Pour atteindre ces objectifs, nous devons travailler sur la sobriété et l’efficacité, ainsi que sur le développement des EnR, en nous appuyant sur le nucléaire.

L’efficacité, c’est parvenir au même résultat avec moins de source et de consommation d’énergie. La sobriété, c’est changer nos usages pour consommer moins d’énergie, en trouvant des solutions alternatives. Il s’agit d’un objectif de politiques publiques indispensable.

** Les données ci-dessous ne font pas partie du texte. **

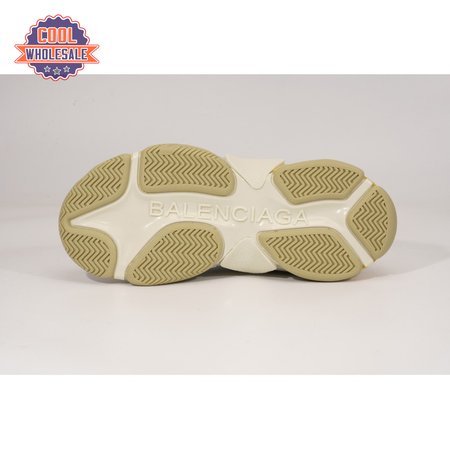 Gucci_x_Balenciaga_Triple_S_SIZE__35-45_WDxs0O52L_6-1.jpg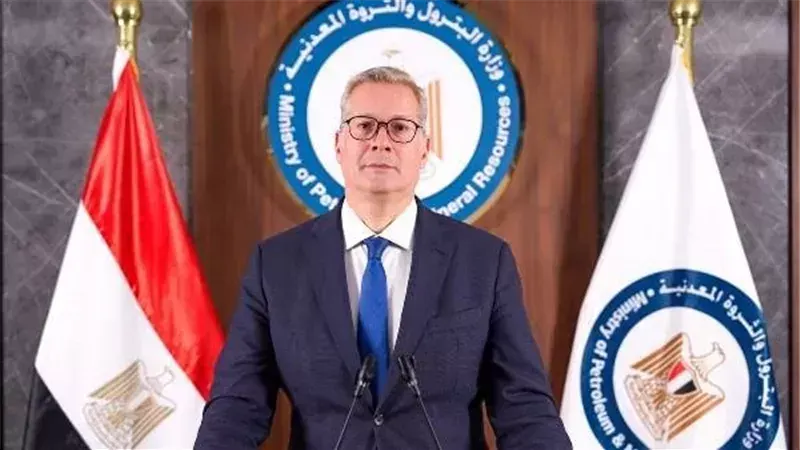صورة مرافقة للخبر: وزير البترول يفتتح اليوم مؤتمر ومعرض البحر المتوسط للبترول MOC 2026 بالإسكندرية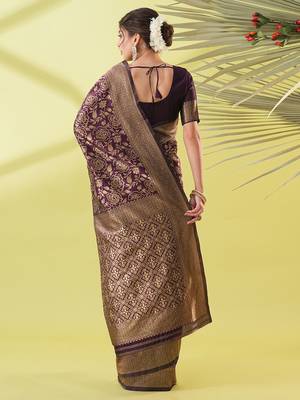 Magenta pure silk woven zari work saree with blouse 4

Nous devons ensuite soutenir le développement des EnR. Nous avons encore de la marge pour atteindre une production suffisante ; d’où les nombreux travaux en ce sens, dont les textes que vous venez d’adopter.

Je tiens vraiment à préciser ma position sur le nucléaire, qui est un point très important de la discussion : je suis favorable à l’électricité nucléaire, clairement, que ce soit le maintien des réacteurs existants ou le développement du nouveau nucléaire. Permettre à notre opérateur national de soutenir le nucléaire existant et le nouveau nucléaire constitue l’un des éléments majeurs du design de marché.

En tant que secrétaire d’État, j’ai été amenée à accompagner les territoires, à la fois pour la fermeture des centrales à charbon, et pour la fermeture de la centrale de Fessenheim. Sur ce dernier point, je souhaite clarifier les choses : à ce moment-là – début 2019 –, la décision de fermer la centrale avait été prise longtemps auparavant, reconfirmée, et, en accord avec l’Autorité de sûreté nucléaire (ASN), le groupe EDF n’avait pas lancé les opérations de maintenance lourde et de visites décennales initialement prévues par le calendrier.

Dans ce contexte, la gestion du dossier consistait à accompagner le groupe EDF sur les plans technique et économique, mais surtout le territoire confronté à cette décision, notamment sur le développement d’un technocentre et d’industries alternatives.

L’hypothèse sur laquelle reposait la décision de fermer la centrale de Fessenheim tenait au fait que la consommation future d’électricité serait stable, voire en légère décroissance ; elle s’est révélée fausse. Le monde a changé et nous devons prendre des décisions en conséquence. Ma position personnelle, je le redis pour être très claire, est donc, de maintenir les réacteurs existants, dans les conditions définies par l’ASN, et développer le nouveau nucléaire, qui est indispensable, quel que soient les scenario retenus.

Ces questions-là sont en premier lieu du ressort du législateur, et non de la CRE. La discussion du projet de loi sur la programmation pluriannuelle de l’énergie, qui aura lieu avant le 1er juillet 2023, sera l’occasion pour le législateur de définir la politique énergétique du pays.